Produce a verbatim transcription of the entries, with all pictures omitted.

BEGIN Records shown

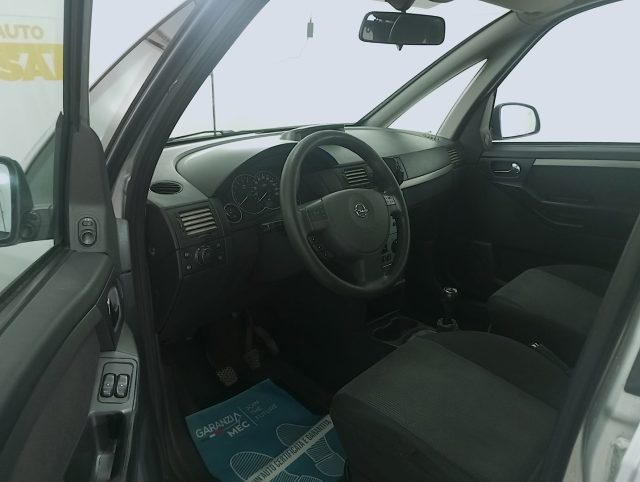 OPEL Meriva usata, con Chiusura centralizzata telecomandata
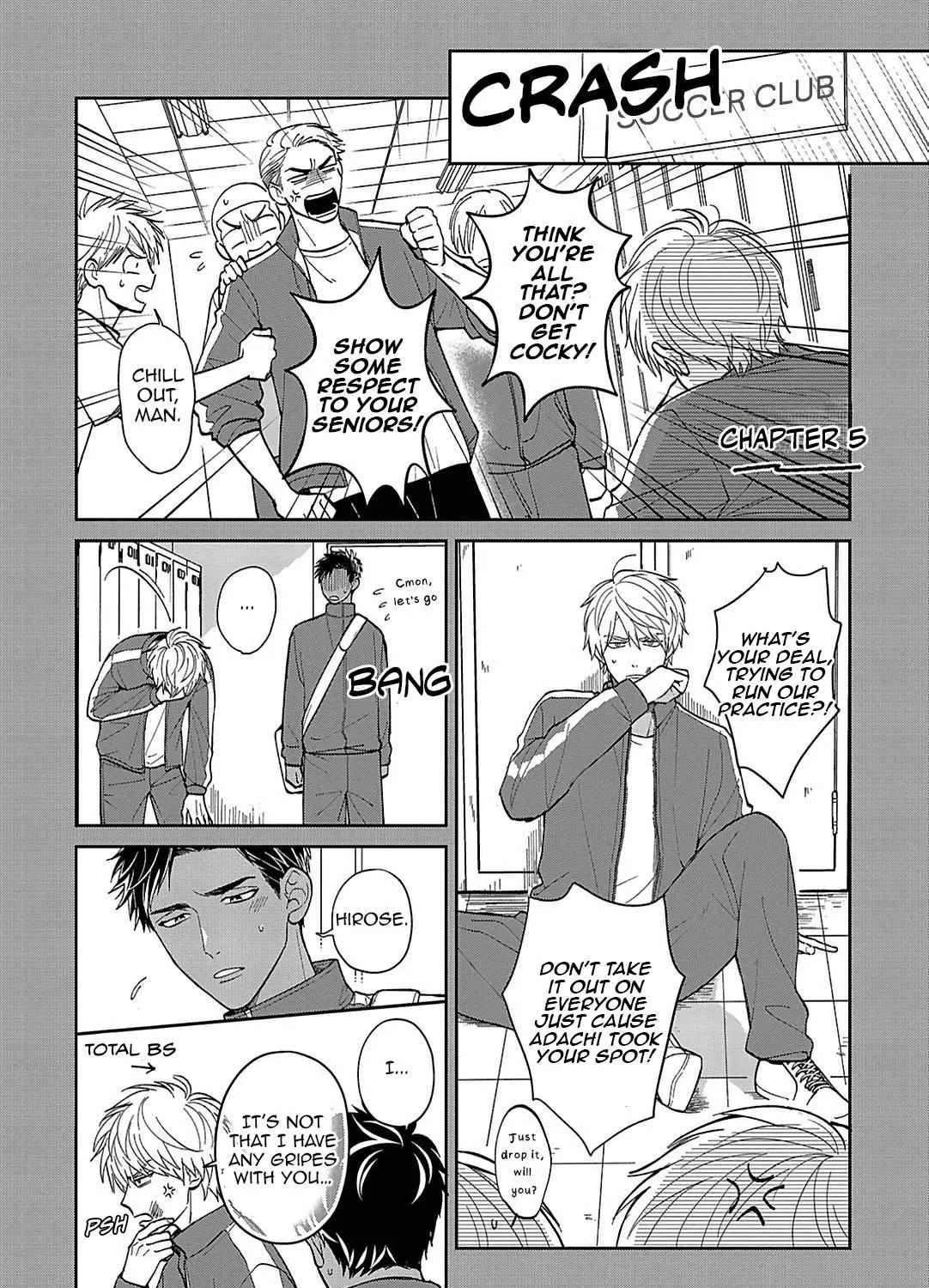 Capture Me With An Expert Kiss Chapter 5 page 2 - MangaKakalot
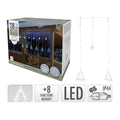 Tenda Luminosa Natalizia a Led 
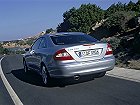 Mercedes-Benz CLK-Класс, II (W209) Рестайлинг (2005 – 2010), Купе-хардтоп. Фото 5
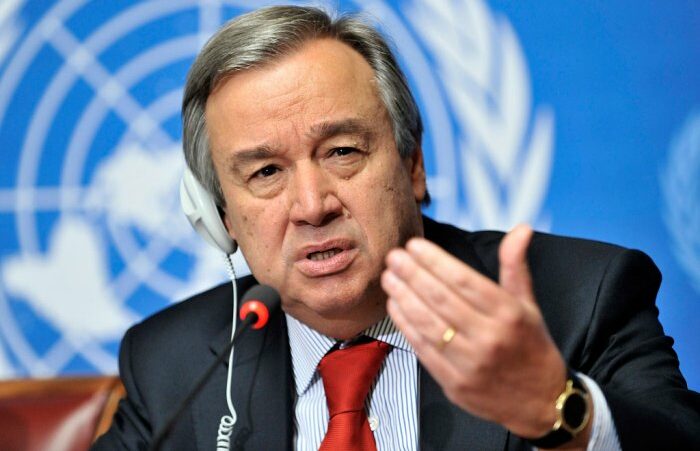 Șeful ONU consideră de importanță ”capitală” prelungirea acordului asupra exporturilor de cereale ucrainene încheiat cu Rusia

END Records shown

__Reply__
 OPEL Meriva usata, con Chiusura centralizzata telecomandata
 Capture Me With An Expert Kiss Chapter 5 page 2 - MangaKakalot
 Tenda Luminosa Natalizia a Led 
 Mercedes-Benz CLK-Класс, II (W209) Рестайлинг (2005 – 2010), Купе-хардтоп. Фото 5
 Șeful ONU consideră de importanță ”capitală” prelungirea acordului asupra exporturilor de cereale ucrainene încheiat cu Rusia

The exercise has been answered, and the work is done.